**WHAT NEEDS TO BE DONE:** Only one stretch of the data is wanted: the line containing "BASEUS Portable Car", the line containing "Meteoroloji’den yeni uyarı!", and every line between them, copied exactly.

**RECORD SET:**
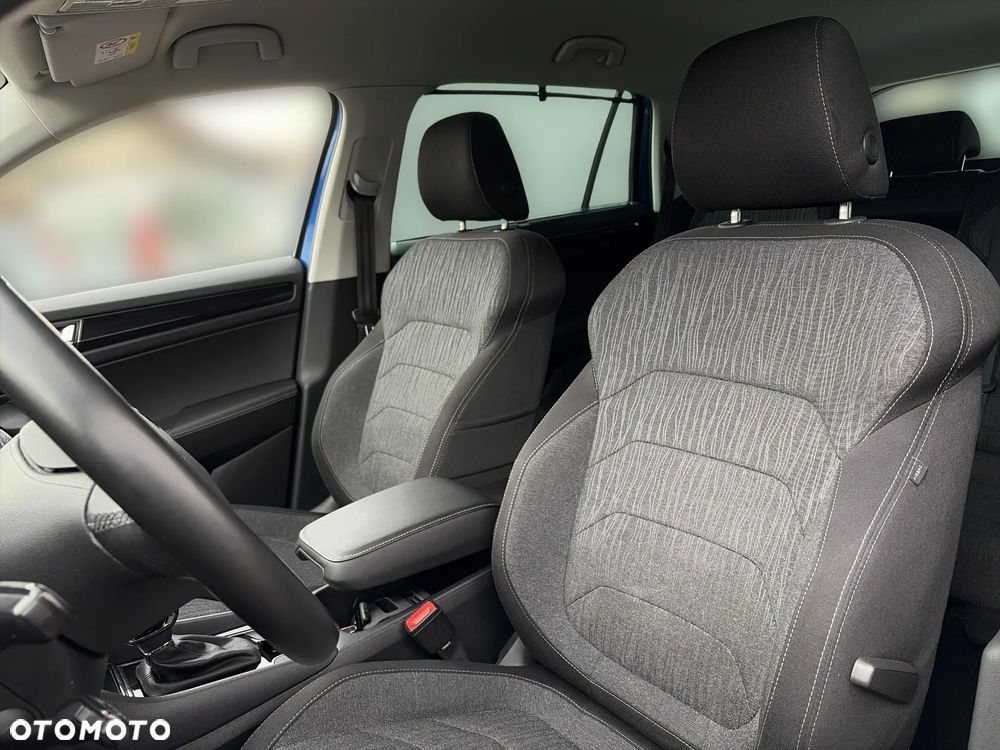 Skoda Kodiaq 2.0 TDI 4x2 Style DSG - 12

--

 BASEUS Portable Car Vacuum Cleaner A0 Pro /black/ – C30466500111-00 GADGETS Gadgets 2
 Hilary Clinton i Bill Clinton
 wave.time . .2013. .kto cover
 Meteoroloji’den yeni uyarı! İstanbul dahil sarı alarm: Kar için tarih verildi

--

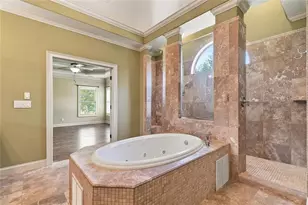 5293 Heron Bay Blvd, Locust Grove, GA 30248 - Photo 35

**RESULT:**
 BASEUS Portable Car Vacuum Cleaner A0 Pro /black/ – C30466500111-00 GADGETS Gadgets 2
 Hilary Clinton i Bill Clinton
 wave.time . .2013. .kto cover
 Meteoroloji’den yeni uyarı! İstanbul dahil sarı alarm: Kar için tarih verildi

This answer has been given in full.